Given entries Start Marker

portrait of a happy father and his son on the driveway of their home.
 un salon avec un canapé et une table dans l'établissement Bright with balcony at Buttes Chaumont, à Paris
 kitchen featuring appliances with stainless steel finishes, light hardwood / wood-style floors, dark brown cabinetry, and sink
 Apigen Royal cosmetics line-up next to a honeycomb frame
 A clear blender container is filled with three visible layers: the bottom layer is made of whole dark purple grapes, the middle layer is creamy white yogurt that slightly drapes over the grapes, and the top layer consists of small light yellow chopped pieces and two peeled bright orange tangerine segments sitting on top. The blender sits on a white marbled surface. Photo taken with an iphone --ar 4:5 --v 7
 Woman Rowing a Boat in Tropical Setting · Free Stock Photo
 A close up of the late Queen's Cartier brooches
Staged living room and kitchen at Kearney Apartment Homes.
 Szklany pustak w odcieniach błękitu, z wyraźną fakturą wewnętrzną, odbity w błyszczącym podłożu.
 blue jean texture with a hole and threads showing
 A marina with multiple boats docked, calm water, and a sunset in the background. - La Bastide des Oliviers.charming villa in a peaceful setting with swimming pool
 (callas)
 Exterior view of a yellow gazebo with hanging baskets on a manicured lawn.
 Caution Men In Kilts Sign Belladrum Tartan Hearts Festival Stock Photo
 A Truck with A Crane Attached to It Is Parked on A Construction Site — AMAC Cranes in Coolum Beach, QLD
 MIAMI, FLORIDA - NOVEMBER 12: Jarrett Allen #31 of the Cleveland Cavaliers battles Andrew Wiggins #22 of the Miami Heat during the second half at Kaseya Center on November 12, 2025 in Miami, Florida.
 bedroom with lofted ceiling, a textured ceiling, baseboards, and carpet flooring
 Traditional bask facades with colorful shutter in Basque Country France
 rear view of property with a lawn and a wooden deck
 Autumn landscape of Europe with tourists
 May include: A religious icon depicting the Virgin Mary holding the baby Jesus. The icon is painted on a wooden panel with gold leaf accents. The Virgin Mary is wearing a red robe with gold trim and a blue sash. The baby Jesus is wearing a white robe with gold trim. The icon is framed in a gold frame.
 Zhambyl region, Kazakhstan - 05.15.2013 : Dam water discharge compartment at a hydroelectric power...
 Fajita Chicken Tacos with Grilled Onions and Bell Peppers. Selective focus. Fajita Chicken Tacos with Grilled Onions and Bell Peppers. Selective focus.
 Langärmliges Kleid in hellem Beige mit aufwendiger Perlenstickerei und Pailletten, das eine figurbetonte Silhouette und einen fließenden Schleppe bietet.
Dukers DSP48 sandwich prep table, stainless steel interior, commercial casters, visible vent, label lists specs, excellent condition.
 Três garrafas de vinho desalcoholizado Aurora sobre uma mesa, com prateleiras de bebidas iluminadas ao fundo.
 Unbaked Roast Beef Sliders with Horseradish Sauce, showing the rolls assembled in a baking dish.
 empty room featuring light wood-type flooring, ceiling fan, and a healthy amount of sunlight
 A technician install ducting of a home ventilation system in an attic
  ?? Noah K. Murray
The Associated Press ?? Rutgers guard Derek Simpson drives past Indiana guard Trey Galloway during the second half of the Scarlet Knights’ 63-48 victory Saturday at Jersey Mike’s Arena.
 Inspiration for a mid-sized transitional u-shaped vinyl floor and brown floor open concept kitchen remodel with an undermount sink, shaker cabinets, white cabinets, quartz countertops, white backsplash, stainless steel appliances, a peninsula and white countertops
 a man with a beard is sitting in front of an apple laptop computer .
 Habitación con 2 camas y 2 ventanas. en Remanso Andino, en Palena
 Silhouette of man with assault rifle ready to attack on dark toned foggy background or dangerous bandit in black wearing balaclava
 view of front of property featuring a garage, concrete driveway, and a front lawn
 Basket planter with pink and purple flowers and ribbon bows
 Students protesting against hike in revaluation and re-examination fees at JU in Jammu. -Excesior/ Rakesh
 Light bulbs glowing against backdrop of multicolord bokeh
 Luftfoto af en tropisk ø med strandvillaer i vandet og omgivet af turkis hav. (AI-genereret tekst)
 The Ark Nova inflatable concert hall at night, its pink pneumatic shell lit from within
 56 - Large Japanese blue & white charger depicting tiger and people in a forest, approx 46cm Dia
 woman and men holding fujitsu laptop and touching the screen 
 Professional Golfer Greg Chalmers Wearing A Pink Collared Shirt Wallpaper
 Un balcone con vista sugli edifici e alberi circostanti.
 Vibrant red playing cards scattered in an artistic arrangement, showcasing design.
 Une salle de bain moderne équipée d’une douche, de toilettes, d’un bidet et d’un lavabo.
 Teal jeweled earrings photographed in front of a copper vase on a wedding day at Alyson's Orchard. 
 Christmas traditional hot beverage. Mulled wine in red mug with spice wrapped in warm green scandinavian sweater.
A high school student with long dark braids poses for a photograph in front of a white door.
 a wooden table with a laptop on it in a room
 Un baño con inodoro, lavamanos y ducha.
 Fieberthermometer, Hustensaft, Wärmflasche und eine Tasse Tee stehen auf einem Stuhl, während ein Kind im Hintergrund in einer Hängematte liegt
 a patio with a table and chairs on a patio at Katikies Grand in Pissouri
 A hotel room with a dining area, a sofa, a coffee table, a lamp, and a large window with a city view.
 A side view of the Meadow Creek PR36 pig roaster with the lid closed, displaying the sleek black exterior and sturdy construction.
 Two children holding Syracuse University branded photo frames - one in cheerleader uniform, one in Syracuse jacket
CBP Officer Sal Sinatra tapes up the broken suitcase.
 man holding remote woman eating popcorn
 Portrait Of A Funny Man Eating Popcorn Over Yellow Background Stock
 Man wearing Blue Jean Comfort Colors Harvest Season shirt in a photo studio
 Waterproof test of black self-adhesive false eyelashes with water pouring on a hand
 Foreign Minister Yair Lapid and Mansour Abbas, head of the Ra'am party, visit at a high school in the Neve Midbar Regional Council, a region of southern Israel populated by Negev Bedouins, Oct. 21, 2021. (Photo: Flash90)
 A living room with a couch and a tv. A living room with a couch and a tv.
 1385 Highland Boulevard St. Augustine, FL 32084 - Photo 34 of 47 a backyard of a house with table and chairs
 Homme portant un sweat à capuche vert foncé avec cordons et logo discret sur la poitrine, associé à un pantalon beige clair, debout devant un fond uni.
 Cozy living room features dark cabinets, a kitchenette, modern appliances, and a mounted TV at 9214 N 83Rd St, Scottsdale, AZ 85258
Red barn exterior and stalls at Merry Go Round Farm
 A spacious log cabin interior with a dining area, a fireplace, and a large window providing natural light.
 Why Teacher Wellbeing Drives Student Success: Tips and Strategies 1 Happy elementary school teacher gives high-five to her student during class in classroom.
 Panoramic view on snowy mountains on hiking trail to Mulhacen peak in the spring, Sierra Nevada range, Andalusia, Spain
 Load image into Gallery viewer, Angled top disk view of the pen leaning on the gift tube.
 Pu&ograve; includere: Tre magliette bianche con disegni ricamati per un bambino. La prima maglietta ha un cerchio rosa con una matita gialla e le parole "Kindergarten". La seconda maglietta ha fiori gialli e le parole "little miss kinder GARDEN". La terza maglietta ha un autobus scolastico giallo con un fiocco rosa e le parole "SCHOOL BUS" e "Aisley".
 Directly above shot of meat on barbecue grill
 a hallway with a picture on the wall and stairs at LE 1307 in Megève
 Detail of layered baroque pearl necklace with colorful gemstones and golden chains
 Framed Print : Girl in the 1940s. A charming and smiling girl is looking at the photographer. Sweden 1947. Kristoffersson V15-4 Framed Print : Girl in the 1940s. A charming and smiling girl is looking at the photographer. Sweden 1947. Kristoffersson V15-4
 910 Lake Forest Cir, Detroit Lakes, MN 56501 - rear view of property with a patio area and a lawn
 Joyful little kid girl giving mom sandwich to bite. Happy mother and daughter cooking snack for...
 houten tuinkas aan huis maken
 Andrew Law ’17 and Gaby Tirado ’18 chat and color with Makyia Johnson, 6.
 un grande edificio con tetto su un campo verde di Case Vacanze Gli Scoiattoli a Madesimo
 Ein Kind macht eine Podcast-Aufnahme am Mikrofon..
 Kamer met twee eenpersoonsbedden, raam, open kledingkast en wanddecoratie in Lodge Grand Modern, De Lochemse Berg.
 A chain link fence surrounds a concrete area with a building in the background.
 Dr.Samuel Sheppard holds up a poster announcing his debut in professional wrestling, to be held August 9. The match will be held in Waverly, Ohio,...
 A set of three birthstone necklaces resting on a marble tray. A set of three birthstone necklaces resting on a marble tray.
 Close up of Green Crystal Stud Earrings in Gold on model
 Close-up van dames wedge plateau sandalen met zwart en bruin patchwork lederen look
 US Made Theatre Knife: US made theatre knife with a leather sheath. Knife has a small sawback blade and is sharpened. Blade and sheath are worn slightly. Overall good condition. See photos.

Given entries End Marker

◆ **Task goal**: Nothing should appear in the answer except the lines above from the line with "1385 Highland Boulevard" through the line with "Load image into", both included, written out exactly.

◆ **Solution to the problem**:
 1385 Highland Boulevard St. Augustine, FL 32084 - Photo 34 of 47 a backyard of a house with table and chairs
 Homme portant un sweat à capuche vert foncé avec cordons et logo discret sur la poitrine, associé à un pantalon beige clair, debout devant un fond uni.
 Cozy living room features dark cabinets, a kitchenette, modern appliances, and a mounted TV at 9214 N 83Rd St, Scottsdale, AZ 85258
Red barn exterior and stalls at Merry Go Round Farm
 A spacious log cabin interior with a dining area, a fireplace, and a large window providing natural light.
 Why Teacher Wellbeing Drives Student Success: Tips and Strategies 1 Happy elementary school teacher gives high-five to her student during class in classroom.
 Panoramic view on snowy mountains on hiking trail to Mulhacen peak in the spring, Sierra Nevada range, Andalusia, Spain
 Load image into Gallery viewer, Angled top disk view of the pen leaning on the gift tube.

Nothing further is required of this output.